Abnormality is a great way to keep things Interesting? 

Creating a homogenous product is a tough thing to do. The entire concept of “quality control” within manufacturing, wholesale, and retail was created simply because abnormalities exist. Still, when a product is sold, the idea is that each product within that season and batch should be consistent in terms of expected value. We go to our favorite restaurants because we already have an established notion based upon previous visits, service level, and satisfaction. We predict that future visits will provide the exact same experience and taste.  

I guess the same could be said for grass hay bales (I know, that sure was an aggressive transition). Customers and clients will sample products from multiple farms.

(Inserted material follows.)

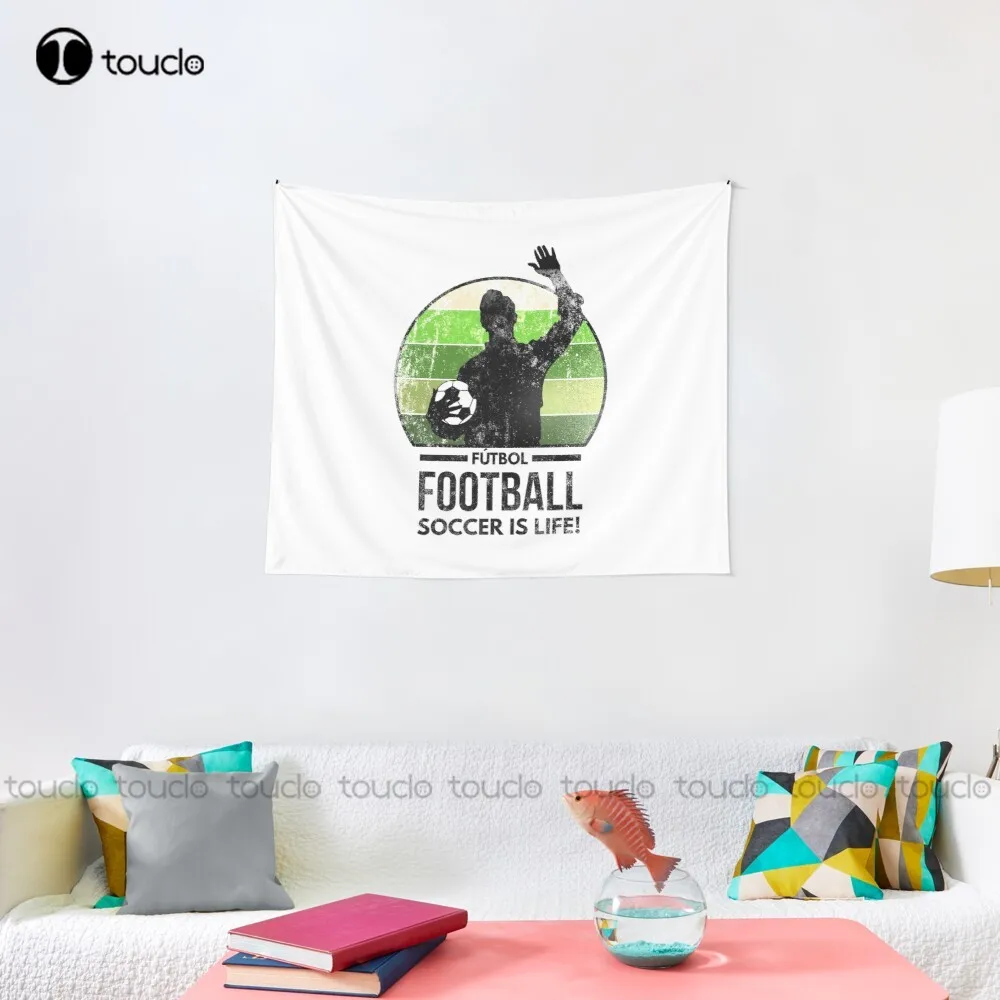 ใหม่ Futbol ฟุตบอลฟุตบอลคือชีว - Review Home Decor บทวิจารณ์และราคา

They shop around for good quality, reasonable price, proximity to their homes, and…consistency. Impressive service and products are usually rewarded with repeat business. This same consistency over time creates loyal customers. Still, what happens when abnormalities can, and do, happen? 

It takes a village… 

Naturally when a unit of production comes out quirky, there should be some feedback to the producer. This is where some customers can be different. Customers who are sampling and shopping for hay, may come across a contaminated or “less desirable” bale. Some of these customers will simply make a mental note to not go back to this farmer. There are plenty of growers in the area that can provide feed for livestock, and most will provide very acceptable bales consistently. Still, it would be nice if the farmer was made aware that a bad bale was detected. Here is a great opportunity to observe the reaction of the producer. It has been said that some farmers have made statements that implied that “all sales are final.” Ouch!!  

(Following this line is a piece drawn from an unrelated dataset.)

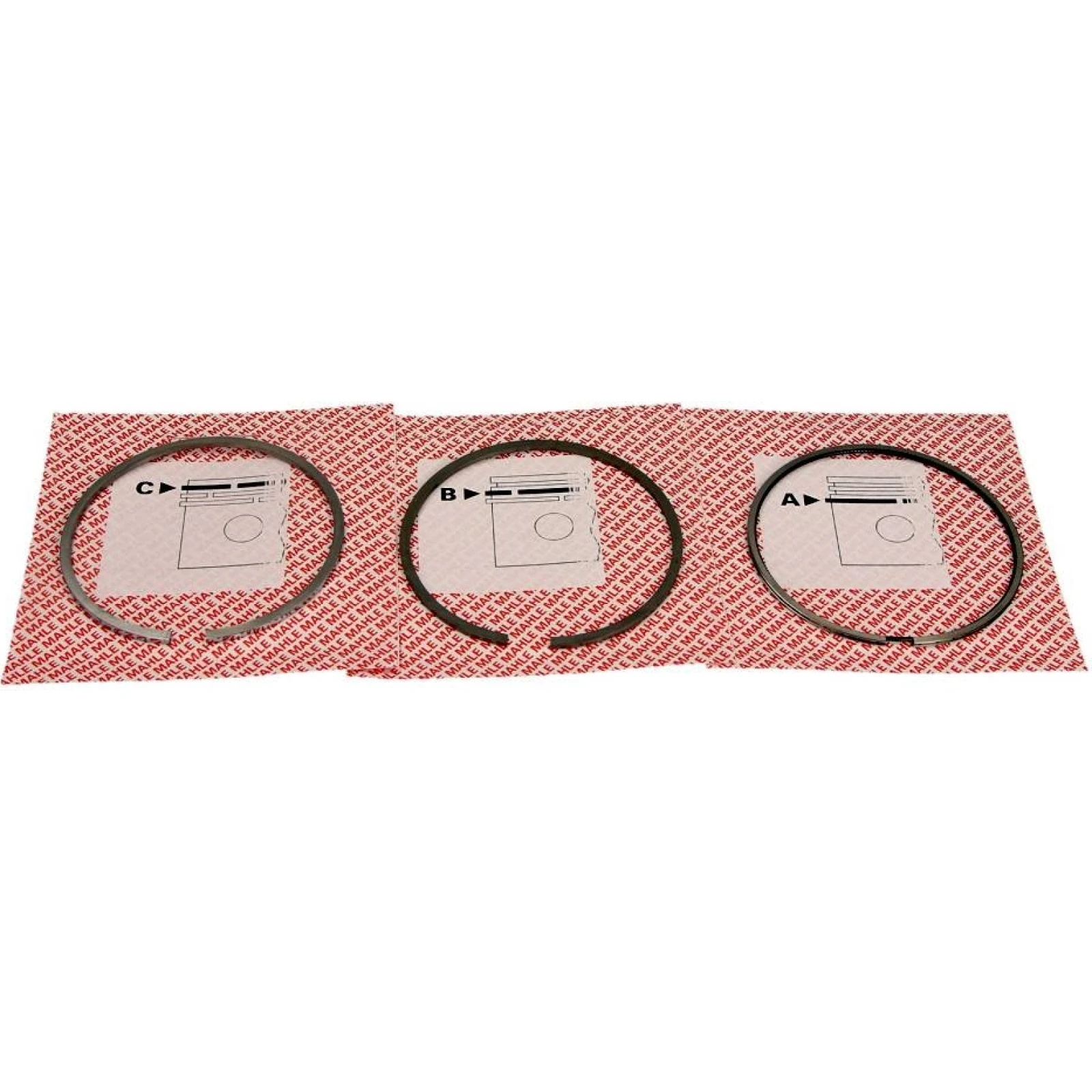 Kolbenringsatz 007 RS 00150 0N0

Marketing essentials emphasize that the key to successful business practice is not in a sale, it is capturing repeat business over the long term. It is three times harder to get a customer than it is to keep one. The relationship is far more precious than the transaction. Word-of-mouth is the most powerful form of advertisement. For this very reason, any person who is selling a product or service should be laser focused on customer satisfaction for various reasons, but if for nothing else, for your own brand reputation. The community should be supportive by giving a farmer or producer the opportunity to make right on the products that they sell. 

Glass houses and stones 

New Holland Stack-liner wagons really are things of beauty. The whole idea is to have an entire mechanized process of collecting bales from the field and stacking them in the barn or in a designated area with minimal physical labor. For my purposes, I tend to hand stack most of my bales into the barn. This is labor intensive, but one of the few perks is that when lifting and handling bales, one can get a “feel” for wet, heavy, soiled, or damaged bales. Catching an anomaly before it is added to the stack helps in the quality control process.  

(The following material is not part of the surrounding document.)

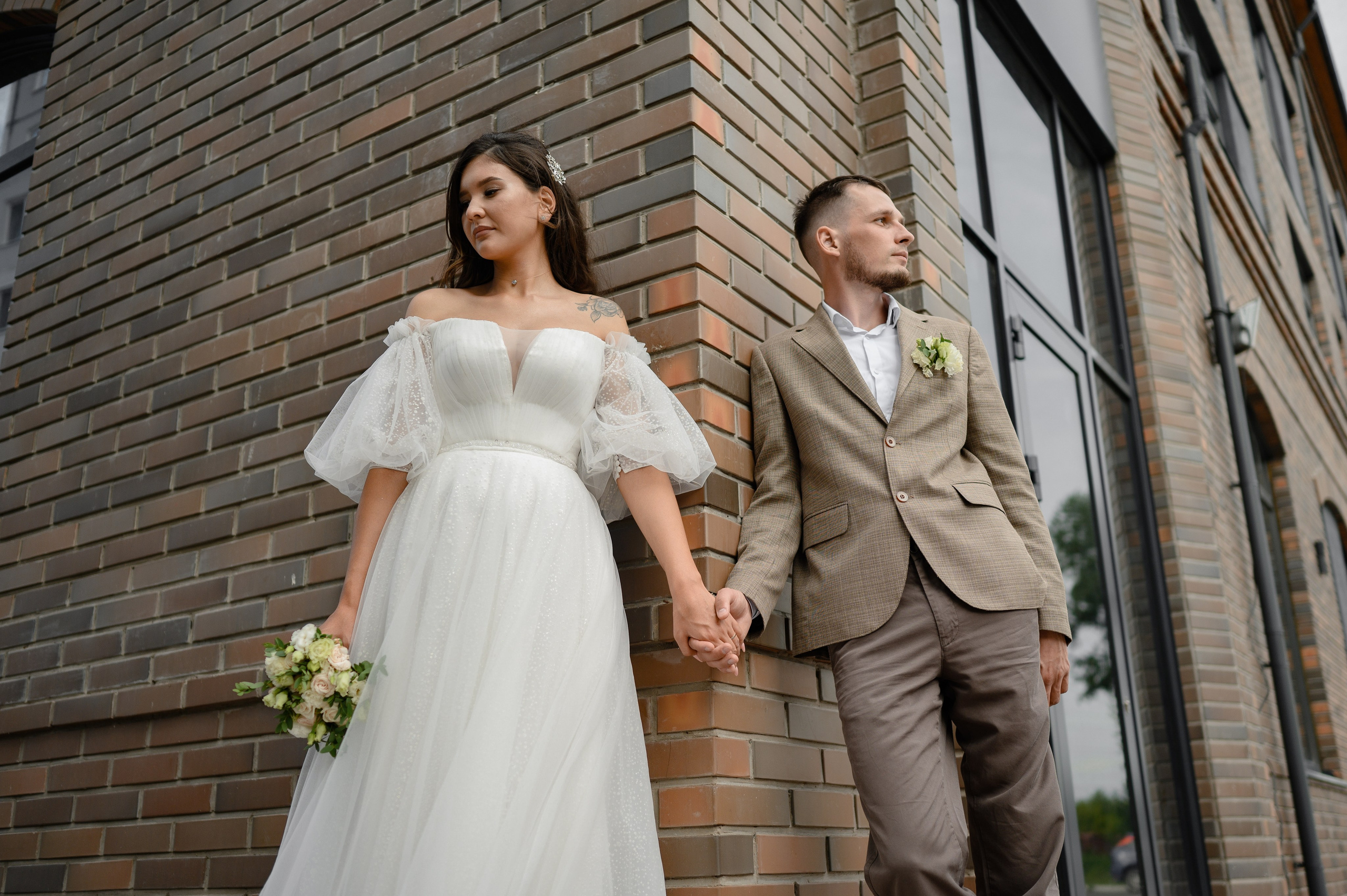 Свадебное портфолио. Свадебный и Семейный фотограф в Абакане, Красноярске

Recently, I wasn’t able to catch the one that got away. A customer called me to notify me that she had detected a bale with mold in it. The unit had been baled with a high moisture content that began a molding process. This was only discovered after the bale had been sold and was being fed to cattle. Though she said it wouldn’t hurt the cows, she wanted to make me aware because she knows that I also have quite a few horse customers too. Horses are less tolerant to mold, mildew, and particular types of forage.  

I was very thankful for her communication and began to sample the stacks to identify other bales that might have been similarly affected. Doing this requires a moisture probe, checking the weight of bales, and observing temperature elevation. More important is the relationship that is created between me and my clients. They look out for me, and I do my best to deliver a good product for them and their livestock. We all make mistakes. We all have some eggs to break.